Set aside the usual applications of email, word processing, redlining, spreadsheets, and scanning. Two other applications at firms vie to be the most valuable to law departments.
The most likely candidate for the top spot is an effective document management system. If the lawyers in a law firm can efficiently locate prior work product, they will most help their law department client.
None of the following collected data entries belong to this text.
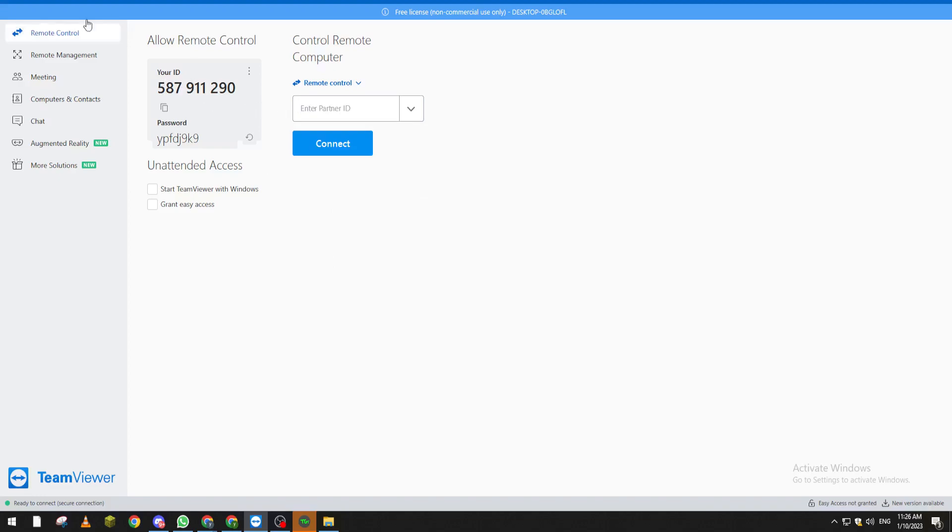Of course you can send files to each other and much more than that. So this is not what we are about in this video.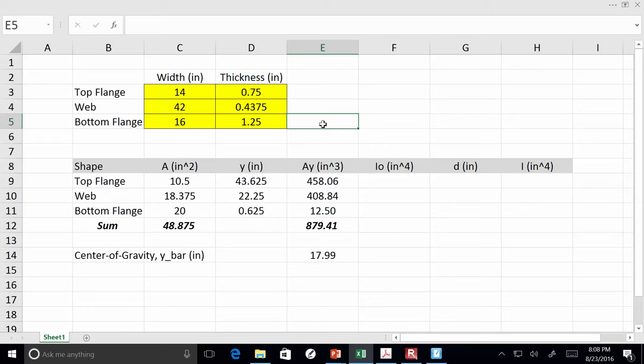For the slab's area, it's the width times the thickness, but we have to divide by n to transform it into equivalent steel. So it's (120 × 8) / 8.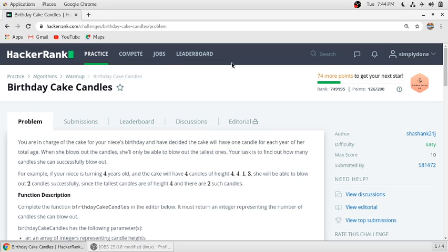Hello friends, so in this video we will solve this HackerRank problem. I will read the problem statement first.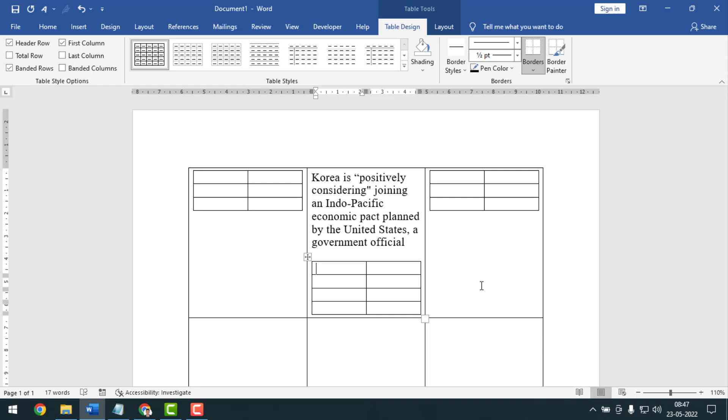Hello friends, welcome back to my channel. Hope you are good. Today I'm going to show you how to insert a table inside a table on MS Word.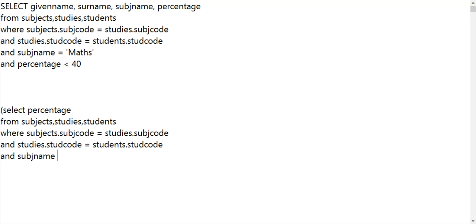And why do I need to put subject name down here again? Yeah, it might find Betty's percentage for geography or something like that. And of course, we've got to put given name.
This blawg has many comments on document management from the law department side (See my posts of Sept. 10, 2005 on the costs of that software; Dec. 20, 2005 on staff reductions that might accompany its installation; Jan. 3, 2006 with a comparison to “unified content management; Sept. 21, 2005 on the 19 lives of documents; March 18, 2005 about law departments that use it to manage contracts; April 30, 2006 on technology solutions ranked by law departments; Jan.14, 2007 about GE’s investment in document management; April 30, 2006 and Feb.11, 2007 on survey data from law departments; and June 20, 2007 on three examples.).
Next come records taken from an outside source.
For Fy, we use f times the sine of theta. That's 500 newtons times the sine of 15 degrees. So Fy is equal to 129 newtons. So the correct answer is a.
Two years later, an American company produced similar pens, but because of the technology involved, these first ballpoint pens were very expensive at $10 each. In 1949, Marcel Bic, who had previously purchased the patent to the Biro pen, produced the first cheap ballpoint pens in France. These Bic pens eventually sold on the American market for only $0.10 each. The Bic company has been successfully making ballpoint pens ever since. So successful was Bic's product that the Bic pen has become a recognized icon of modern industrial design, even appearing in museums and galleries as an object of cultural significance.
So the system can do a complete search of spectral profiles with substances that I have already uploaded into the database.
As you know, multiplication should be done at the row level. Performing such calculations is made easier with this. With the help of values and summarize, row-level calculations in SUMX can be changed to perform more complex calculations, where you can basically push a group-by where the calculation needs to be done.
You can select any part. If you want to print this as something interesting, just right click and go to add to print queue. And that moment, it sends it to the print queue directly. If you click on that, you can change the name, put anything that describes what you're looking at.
If there is no document management system, or even if there is one, a database of work product may be the second-best technology asset among a law firm’s applications (See my posts of Aug. 16, 2006 on sharing work product among law firms; May 17, 2006 on policies at Schering-Plough; Aug. 22, 2006 about the futility of law departments collecting work product; Feb. 18, 2007 on records management; and Dec. 23, 2005 about information asymmetry.).
In a distant third place I would put such software as document assembly and extranets.